Yeah, the algorithm uses many "old" commits and only one "new" commit.

[...]

> As you can see, in both cases, only the most recent "new" command
> appears to have any effect.  I'd have expected that both commits would
> have been marked as "new", and the bisect run would use both facts to
> work out which commit is the target of the bisection.

I didn't look at your test case, but the algorithm to find another
commit to test is described here:

https://git-scm.com/docs/git-bisect-lk2009.html#_bisection_algorithm

and you can see that the first rule of the algorithm is to keep only
the commits that are ancestors of the "new" commit (including the
"new" commit itself).

The reason for this rule is that other commits cannot have introduced
the behavior we are looking for. The result of this rule is that git
bisect will always ask you to test a commit that is an ancestor of the
"new" commit.

So if you test a commit that git bisect asks you to test, and it
appears that this commit is "new", then you can just discard the
previous "new" commit because it will give you less information than
the new "new" one.
(The old "new" will not let you discard any commits that the new "new"
commit allows you to discard, because it is a descendant of the new
"new" commit.)

If you don't test the commit that git bisect asks you to test, then
git bisect assumes that you know better and discards the old "new".

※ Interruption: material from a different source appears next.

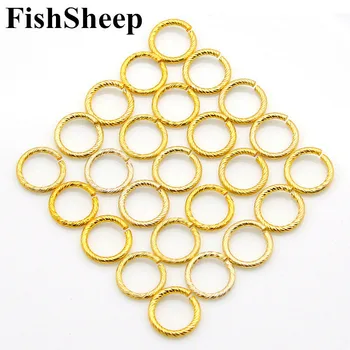 50Pc/lot 15mm Aluminum Open Jump Rings Circles Gold Color For Necklace Bracelets Jewelry Making Findings Connector Accessories
50Pc/lot 15mm Aluminum Open Jump Rings Circles Gold Color For Necklace Bracelets Jewelry Making Findings Connector Accessories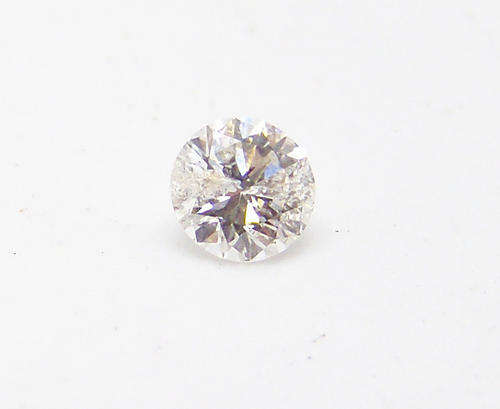 ***EGL CERTIFIED *** 0.31ct Round Diamond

> This is using v2.15.0.  It's possibly relevant that 95a731ce is a
> direct parent of 14c63a9d.
>
> Is this a bug, or intentional behaviour?  Am I missing something that
> means it's actually sensible to have Git silently discard some bisect
> commands in this sort of circumstance?

Well, instead of silently discarding a the old "new" commit when the
new "new" commit is not an ancestor of it, git bisect could perhaps
warn or ask you to confirm that you know what you are doing.